Deborah Scroggins is the author of Wanted Women: Faith, Lies and the War on Terror: The Lives of Ayaan Hirsi Ali and Aafia Siddiqui. (HarperCollins, January 17, 2012). Her first book, Emma's War (Pantheon, 2002), won the Ridenhour Prize for Truth-telling. A former editor and reporter for the Atlanta Journal-Constitution, she has also written for Vogue, Granta, the Nation, the NYT Sunday Magazine and many other publications. She lives in Massachusetts with her husband, the writer Colin Campbell, and their two daughters.
On your nightstand now:
Jennifer Egan's A Visit from the Goon Squad and Ali Soufan's The Black Banners.
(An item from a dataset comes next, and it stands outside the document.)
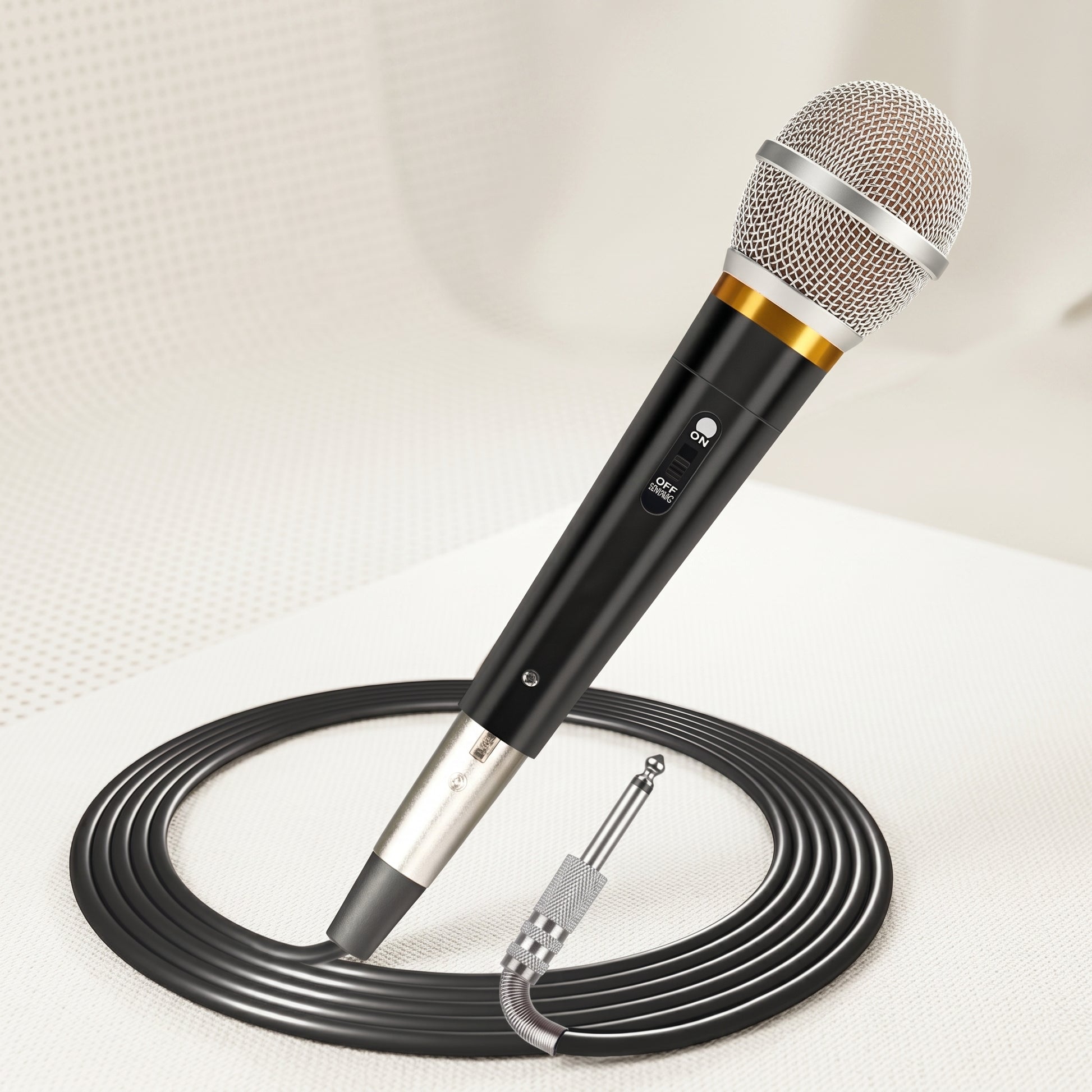 A black and silver wired microphone with a gold band and a coiled cable. It features an ON/OFF switch.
Favorite book when you were a child:
The Little Princess by Frances Hodgson Burnett. I was laid up after a bicycle accident and I read it over and over again.
Your top five authors:
Leo Tolstoy, George Elliott, Nagib Mahfouz, Thomas Mann and Boris Pasternak. I love the great realists, the ones who show you a whole world in their books.
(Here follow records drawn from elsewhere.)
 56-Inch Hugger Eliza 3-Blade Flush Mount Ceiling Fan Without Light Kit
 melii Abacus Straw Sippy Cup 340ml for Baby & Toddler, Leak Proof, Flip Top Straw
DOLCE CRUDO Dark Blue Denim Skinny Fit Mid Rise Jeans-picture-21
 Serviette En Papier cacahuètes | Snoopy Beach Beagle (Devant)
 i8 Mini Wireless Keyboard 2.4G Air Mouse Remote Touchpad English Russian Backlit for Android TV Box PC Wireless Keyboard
Book you've faked reading:
The Iliad. (It's my husband's favorite book, but I don't do epic poetry.)
Book you're an evangelist for:
The Looming Tower by Lawrence Wright. A masterpiece of nonfiction narrative and the best single book on 9/11.
Book you've bought for the cover:
The Persian Bride by James Buchan. That picture of a dainty foot on a Persian rug was the perfect enticement to dive into a exquisite love story as well as a fantastic introduction to Iranian history and culture.
Book that changed your life:
Marianne Alireza's At the Drop of a Veil: The True Story of a California Girl's Years in an Arabian Harem. Thirty-odd years after I first read this memoir, I'm still fascinated by the subject of women and Islam.
Favorite line from a book:
"The past is never dead. It's not even past." --Requiem for a Nun, William Faulkner
Book you most want to read again for the first time:
Gone with the Wind. My parents gave it to me at the age of 11 thinking it would keep me quiet on a flight to Europe. I was so enthralled that I missed half the vacation. The politics would probably spoil it for me if I tried to read it now, but I still remember how real Scarlett and Melanie felt to me then.